Nach dem mutmaßlich rassistischen Angriff auf zwei ghanaische Kinder in Grevesmühlen (Mecklenburg-Vorpommern) hat die Polizei diverse Hinweise erhalten. Darunter seien auch Hinweise auf Menschen, die möglicherweise an der Tat beteiligt waren, sagte ein Sprecher der Leitstelle des Polizeipräsidiums Rostock der Deutschen Presse-Agentur. Die Ermittlungen seien sehr umfangreich und würden noch einige Zeit in Anspruch nehmen.
Es habe zudem Hinweise gegeben, dass auf dem Stadtfest in Grevesmühlen (13. bis 16. Juni) rassistische Parolen zu einer bekannten Melodie von Gigi D'Agostino gesungen worden sein sollen. Im Zusammenhang mit dem Lied «L’amour toujours» gibt es immer wieder Schlagzeilen, weil zuletzt vielerorts Menschen dazu rassistische Parolen gebrüllt hatten.
Nach Polizeiangaben waren ein achtjähriges Mädchen und seine zehn Jahre alte Schwester am Freitagabend gegen 19.30 Uhr aus einer Gruppe von etwa 20 Jugendlichen und Heranwachsenden heraus angegriffen worden. Dem jüngeren Mädchen sollen die Angreifer unter anderem ins Gesicht getreten haben. Als die Eltern der Kinder hinzukamen, soll es nach Polizeiangaben auch mit diesen zu einer Auseinandersetzung gekommen sein. Die Achtjährige und der Vater wurden leicht verletzt und kamen in ein Krankenhaus.
Als die Beamten vor Ort eintrafen, soll eine Person aus der Gruppe die Opfer beim Weggehen auch rassistisch beleidigt haben. Aus der Gruppe hätten sich bis zu acht Menschen an der Attacke beteiligt, schilderte die Polizei. Sie ermittelt nun wegen Landfriedensbruchs, gefährlicher Körperverletzung, Volksverhetzung und Beleidigung. Die Beamten suchen Zeugen des Vorfalls.

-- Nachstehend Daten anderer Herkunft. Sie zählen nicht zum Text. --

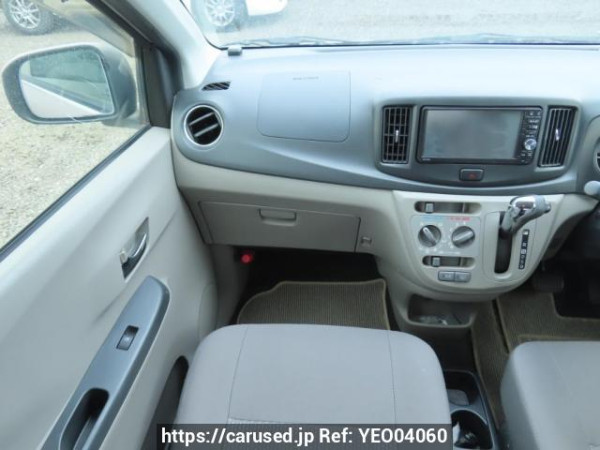 Used 2015 AT daihatsu mira-e-s LA300S Image[16]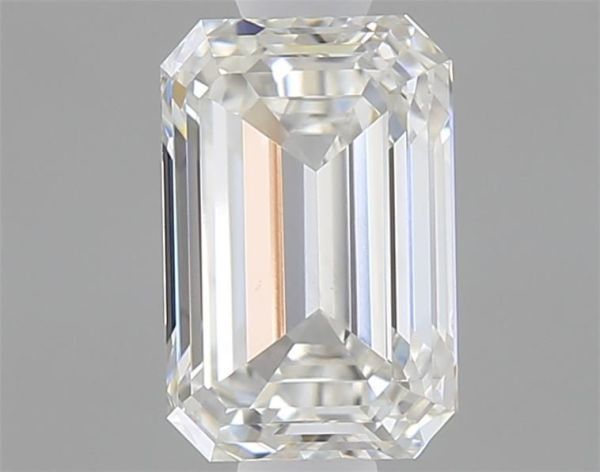 Emerald Lab-Grown Diamond image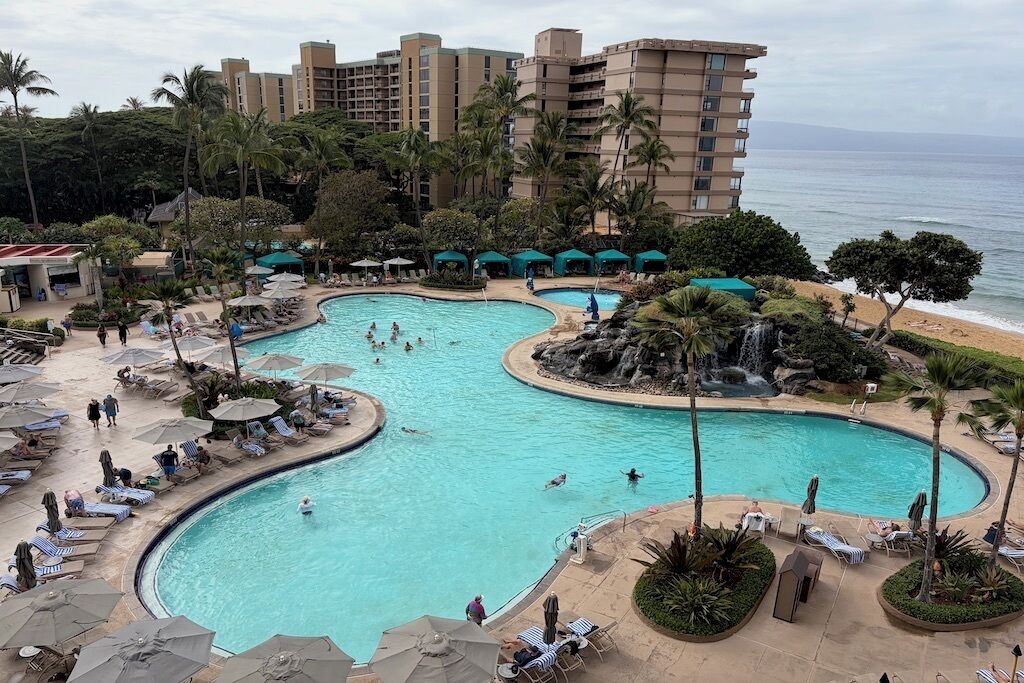 Photo of Outdoor in Honokowai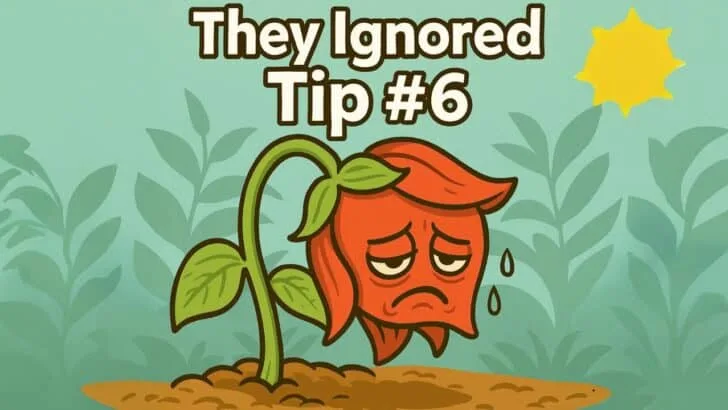 11 Reasons Your Flowers Look Tired (And What to Do About It)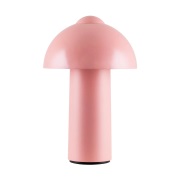 Globen Lighting Buddy kannettava pöytävalaisin Blush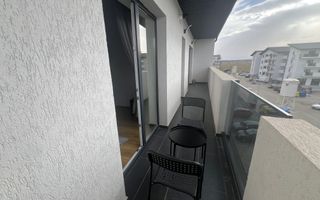 Apartament de Inchiriat | 56 MPU | 2 Camere | Principesa Elisabeta - Poză 6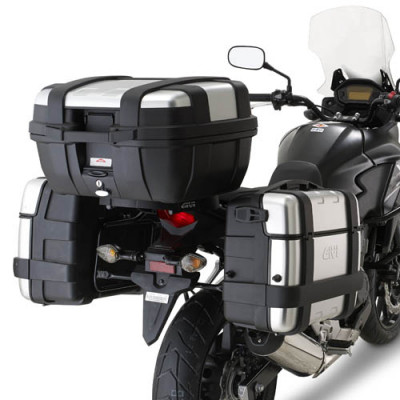 GIVI PL1121 TUB.PAN.HOLD.HONDA CB500X '13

Entsetzen nach Bekanntwerden des Falls
Politiker verurteilten die Attacke aufs Schärfste. «Kinder rassistisch zu beschimpfen und brutal zu attackieren, zeugt von dumpfem Hass und unfassbarer Unmenschlichkeit», schrieb etwa Bundesinnenministerin Nancy Faeser (SPD) auf X. Mecklenburg-Vorpommerns Ministerpräsidentin Manuela Schwesig (SPD) erklärte auf der Plattform: «Wir dürfen nicht zulassen, dass Hass & Hetze unsere Gesellschaft vergiften und Gewalt unsere Kinder bedroht.» Ihre Gedanken und ihr Mitgefühl seien bei den betroffenen Kindern und ihrer Familie. «Diese abscheuliche Tat muss rasch Konsequenzen haben. Rassismus und Gewalt sind widerlich. Das gilt erst recht, wenn Kinder angegriffen werden.»
Mecklenburg-Vorpommerns Innenminister Christian Pegel (SPD) betonte, «man greift keine Menschen an, erst recht keine Kinder und schon gar nicht aus rassistischen Motiven». Grevesmühlens Bürgermeister Lars Prahler sagte NDR 1 Radio MV, «diese rassistisch motivierte Tat macht mich einfach fassungslos. Das zeugt von bodenlosem Hass und enthemmter Unmenschlichkeit und lässt sich nicht entschuldigen».
Der Landrat von Nordwestmecklenburg, Tino Schomann (CDU), sprach von einem nicht zu tolerierenden Grenzübertritt. «Verabscheuungswürdige Taten wie diese lassen mich sprachlos zurück».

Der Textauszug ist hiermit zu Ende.